Existem desvantagens ou sacrifícios na utilização de GFV?
Uma consideração importante quando se trabalha com gráficos de fluxo lógico é o facto de serem complexos e exigirem uma experiência de programação significativa. Muitas vezes, os erros implicam a localização manual de erros em várias páginas ou secções do GFL, o que é difícil se não souber como funcionam os programas. Além disso, há muitos símbolos a aprender antes de poder criar um bom GFL.
Um gráfico de fluxo lógico pode ajudar na depuração de software?
Um gráfico de fluxo lógico pode ser uma ferramenta útil para a depuração no desenvolvimento de software. Ao dividir um programa em passos lógicos e mapear o fluxo de dados entre eles, é muito mais fácil identificar onde pode estar a ocorrer um erro. E como um LFG fornece uma visão de alto nível do programa, ele pode ajudá-lo a identificar possíveis problemas antes que eles ocorram.
Quais são algumas dicas avançadas para trabalhar com GFV?
Ao trabalhar com gráficos de fluxo lógico, uma boa dica é lembrar-se de verificar as ligações entre operações depois de fazer alterações ou actualizações. Elas precisam de validação - caso contrário, seu programa pode encontrar erros em tempo de execução. Além disso, tenha em atenção as fontes de informação externas, como as bases de dados, que podem exigir testes adicionais após a realização de actualizações.

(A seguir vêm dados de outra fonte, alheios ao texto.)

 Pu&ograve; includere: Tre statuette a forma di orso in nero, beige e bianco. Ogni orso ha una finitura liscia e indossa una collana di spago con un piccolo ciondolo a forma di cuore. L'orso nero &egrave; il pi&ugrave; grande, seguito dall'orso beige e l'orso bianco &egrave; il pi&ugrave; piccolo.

Trabalhar com LFGs exige conhecimentos profundos de programação?
Em geral, sim, embora com alguma prática se possa ficar relativamente confortável com os GFV num curto espaço de tempo. Mas antes de começar, deve ter um bom conhecimento da linguagem de programação que está a utilizar e dos vários símbolos utilizados para exprimir o fluxo de informação no GFV.
Em que é que os LFGs são melhores do que outras técnicas de programação?
A principal vantagem de um LFG é a sua capacidade de representar algoritmos complicados de uma forma visualmente clara que pode ser compreendida pelos programadores - mesmo que não o tenham ajudado a escrever o LFG. Com símbolos padronizados para cada operação, a codificação pode ser mais rápida. E uma vez que os nós e as setas mostram claramente o fluxo lógico do programa, o seu GFL também pode ajudar a encontrar erros.
Como posso começar a criar gráficos de fluxo lógico?
Algumas dicas de "iniciação" para LFGs incluem começar pequeno - comece com um gráfico de exemplo para se familiarizar com o básico. Tente dividir as tarefas em partes pequenas e manejáveis com os seus próprios nós e operações. Reveja a sua lógica em cada passo, para detetar erros antes que estes causem mais problemas numa fase posterior. E use rótulos significativos para nós, operações e assim por diante - isso facilita a leitura do gráfico para outras pessoas, incluindo o programador que pode estar executando seu projeto.